Principal Investigator David Bartel
Teh Bartel lab was among those to discover the abundance of miRNAs. These tiny endogenous regulatory RNAs are encoded by unusual genes whose primary transcripts form distinctive hairpin structures from which the miRNAs are processed. Each hairpin is processed to generate the mature ~22-nt miRNA, which is then incorporated into a silencing complex, where it can specify post-transcriptional gene repression by base-pairing to messages of protein-coding genes.
We previously developed cloning and computational strategies for miRNA gene discovery in animals and plants, and found, for example, that humans have hundreds of miRNA genes. We have also shown that many miRNAs are present at levels of more than 1,000 molecules per cell, with some exceeding 50,000 molecules per cell, indicating that the miRNAs, together with their associated proteins, are among the more abundant ribonucleoprotein complexes found in animal cells. Furthermore, many of the miRNAs from nematodes are related to those found in humans, suggesting important functions since early metazoan evolution. Nonetheless, some miRNAs, particularly those that are expressed in only a few cells and are less extensively conserved, were not identified by earlier cloning and computational efforts.

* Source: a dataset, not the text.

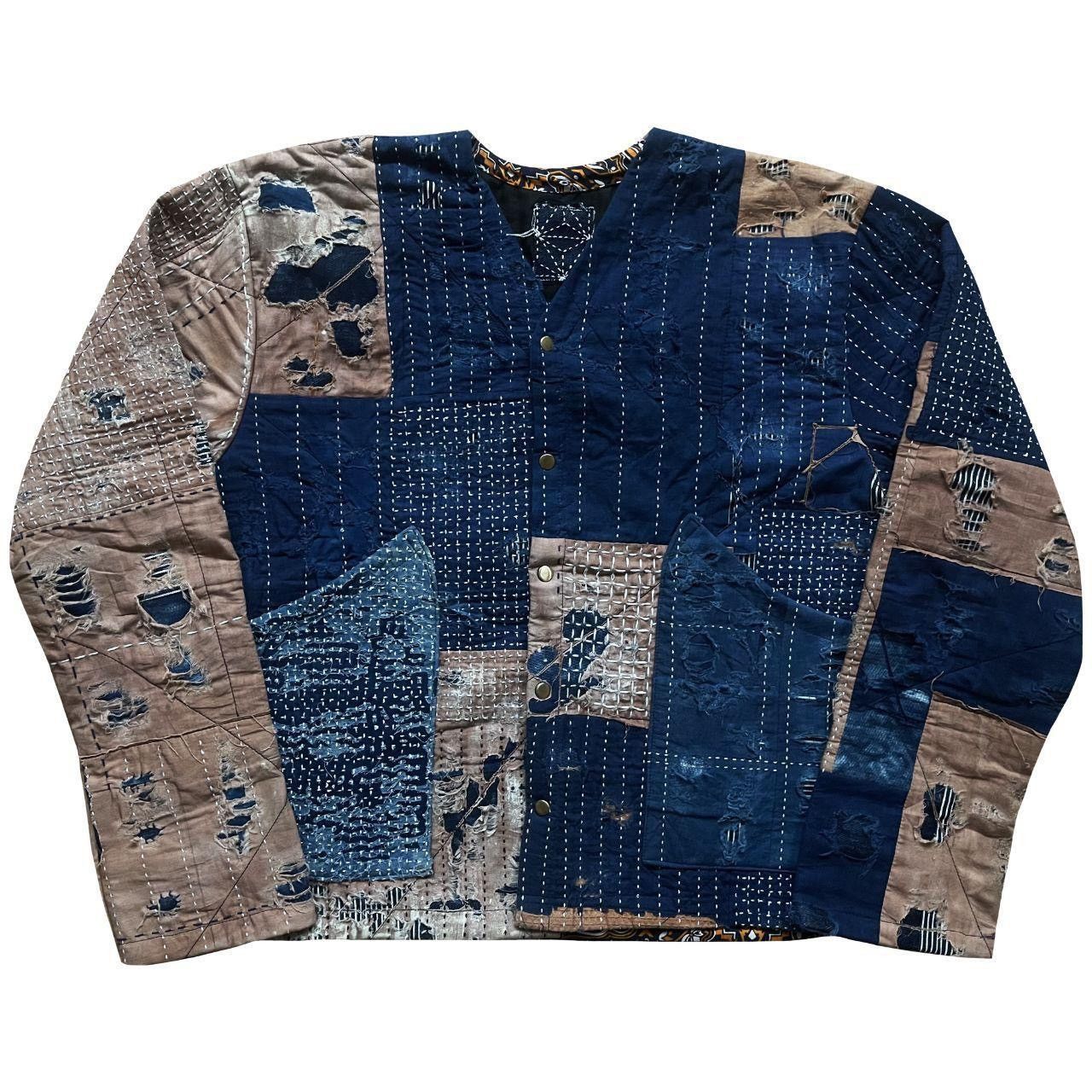 Kapital Indigo Collarless Boro Sashiko Denim Jacket Size US M / EU 48-50 / 2 - 1 Thumbnail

To explore more thoroughly the genomics of miRNAs and other endogenous silencing RNAs, we are using high-throughput sequencing methods to obtain millions of small-RNA sequencing reads from model plants and animals. Analyses of Physcomitrella (moss) and Arabidopsis sequences have revealed a layer of miRNA-based control involving miRNAs that are more diverse and evolutionarily fluid than those found previously. In plants we also find that dual miRNA complementary sites trigger the production of double-stranded RNA and endogenous siRNAs—an observation that provides potential insights into the recognition of aberrant RNA by the RNA-silencing machinery. Analysis of nematode and fly sequences has also revealed additional miRNAs, including some that had been missed earlier because their initial processing involves splicing rather than the specialized machinery that generates canonical miRNAs.